- Exercise -
Using the data below, return the stretch from the line that contains "Stockfoto: Beautiful Young" through the line that contains "A person reaching", both included, exactly as it stands and nothing beyond it.

- Records shown -
- Opening Delimiter -

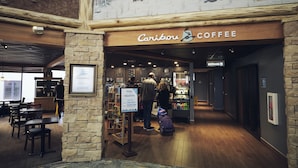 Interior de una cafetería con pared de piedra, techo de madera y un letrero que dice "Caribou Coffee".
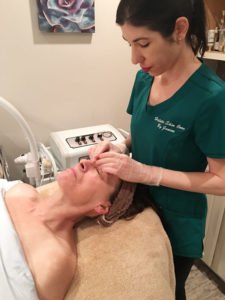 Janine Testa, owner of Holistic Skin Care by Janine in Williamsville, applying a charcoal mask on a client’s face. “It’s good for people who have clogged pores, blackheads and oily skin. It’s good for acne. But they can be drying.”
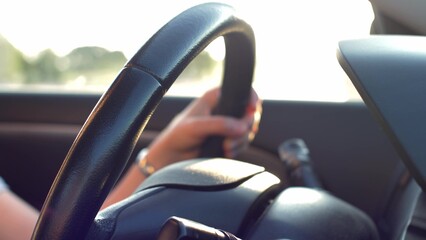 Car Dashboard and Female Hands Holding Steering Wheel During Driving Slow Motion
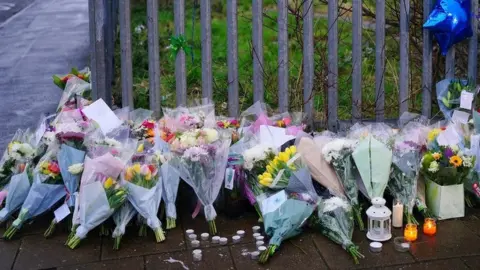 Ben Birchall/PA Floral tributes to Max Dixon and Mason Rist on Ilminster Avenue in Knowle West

- Closing Delimiter -
- Opening Delimiter -

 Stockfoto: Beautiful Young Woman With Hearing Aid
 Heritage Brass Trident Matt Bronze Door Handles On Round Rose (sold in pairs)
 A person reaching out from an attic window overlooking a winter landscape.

- Closing Delimiter -
- Opening Delimiter -

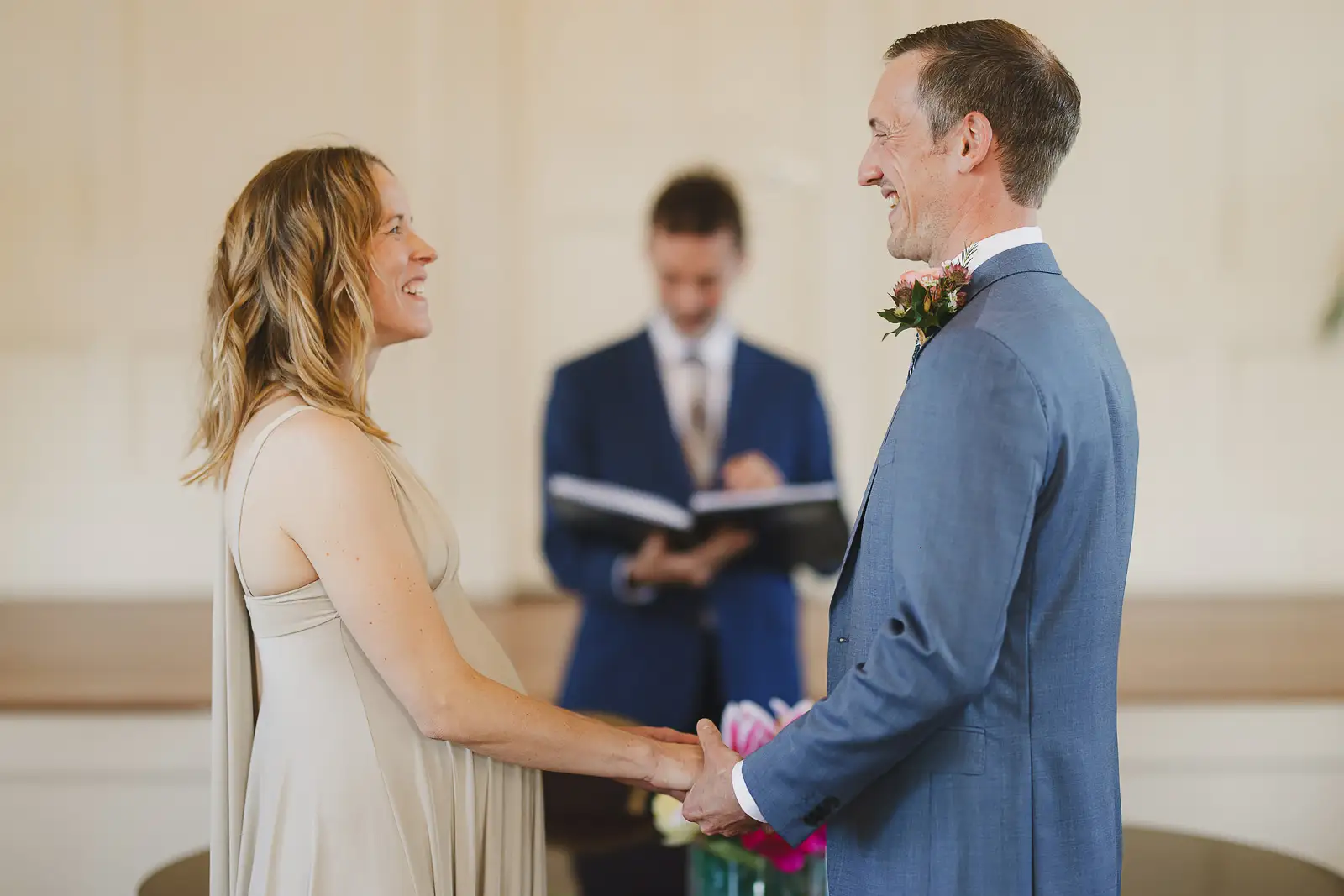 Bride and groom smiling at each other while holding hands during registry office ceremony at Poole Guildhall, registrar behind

- Closing Delimiter -

- Answer section -
 Stockfoto: Beautiful Young Woman With Hearing Aid
 Heritage Brass Trident Matt Bronze Door Handles On Round Rose (sold in pairs)
 A person reaching out from an attic window overlooking a winter landscape.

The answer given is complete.